**Your objective**
Lines from the opening of the material through the line containing "고대 벽화에 기록된 그 당시의 음주문화" must be duplicated word for word. Pictures are not.

**Record set**

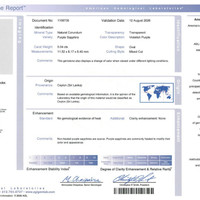 5.04 Ct. Purple Sapphire from Ceylon (Sri Lanka) Scan Report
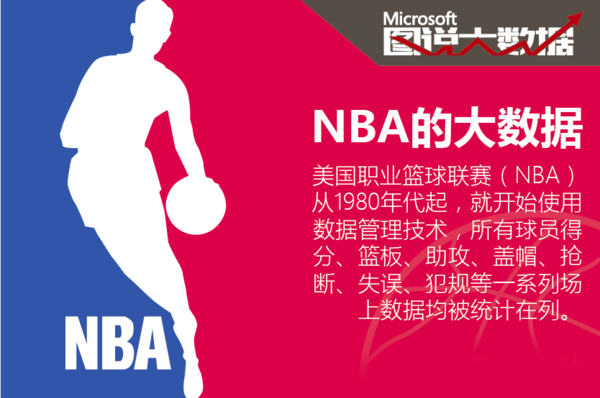 尼克斯目前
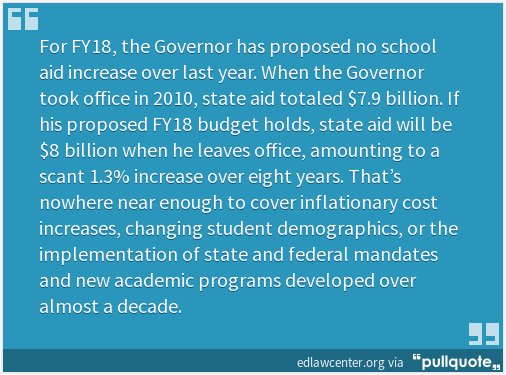 Governor Christie refusal to invest in NJ public schools enters its 8th and (thankfully) last year  pllqt.it/PptuoZ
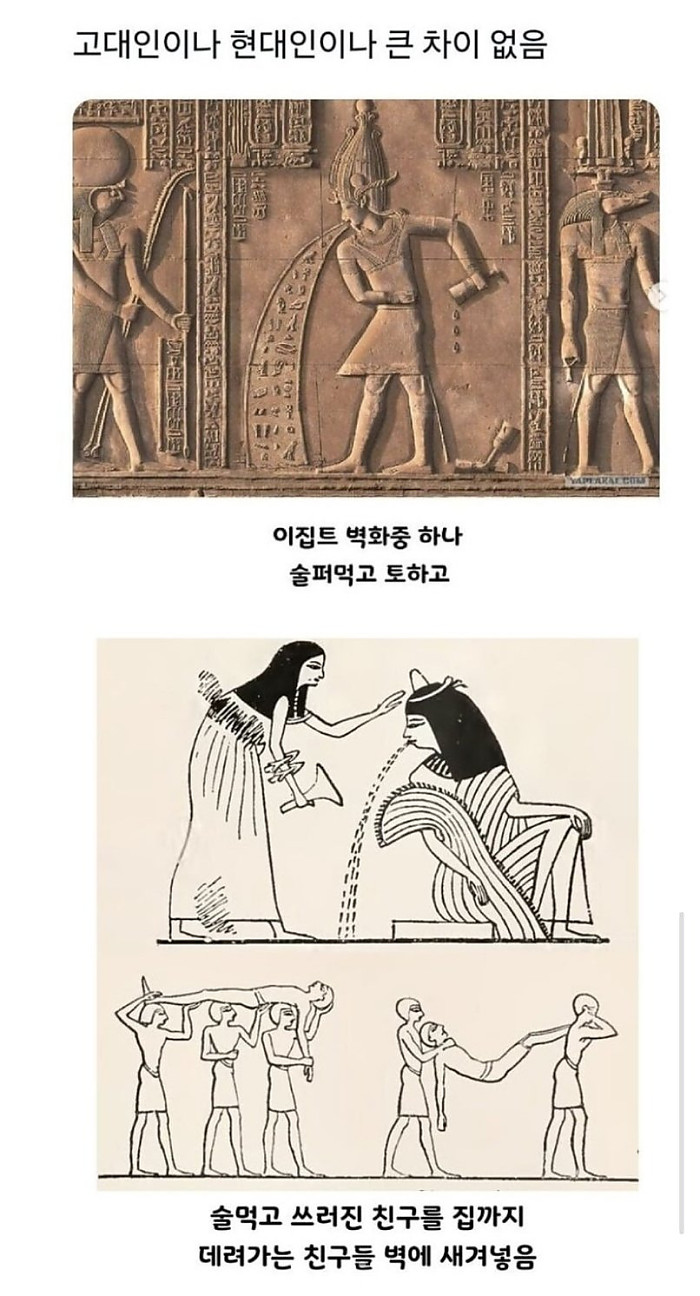 고대 벽화에 기록된 그 당시의 음주문화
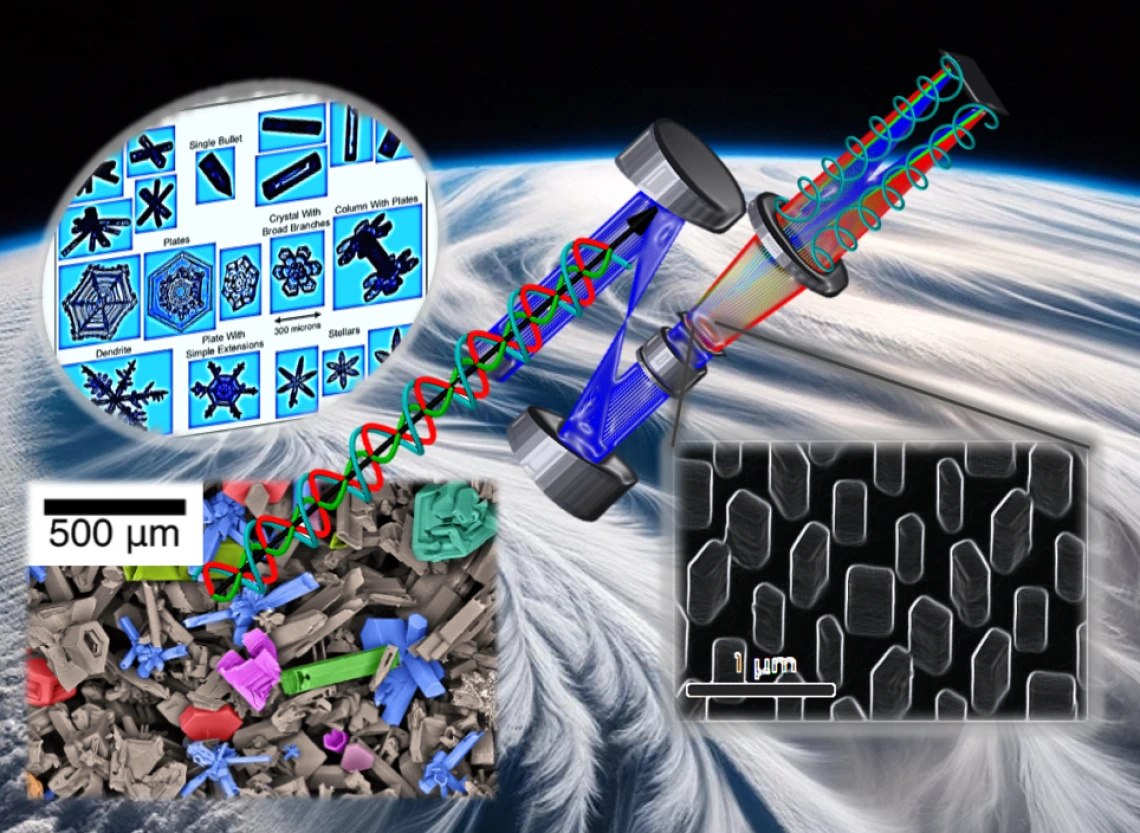 CHIRP, the CHanneled Infrared Polarimeter, a compact tool that can provide scientists with extremely accurate data essential, and previously unattainable across all conditions, for long-term climate change modeling.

**Problem solution**
 5.04 Ct. Purple Sapphire from Ceylon (Sri Lanka) Scan Report
 尼克斯目前
 Governor Christie refusal to invest in NJ public schools enters its 8th and (thankfully) last year  pllqt.it/PptuoZ
 고대 벽화에 기록된 그 당시의 음주문화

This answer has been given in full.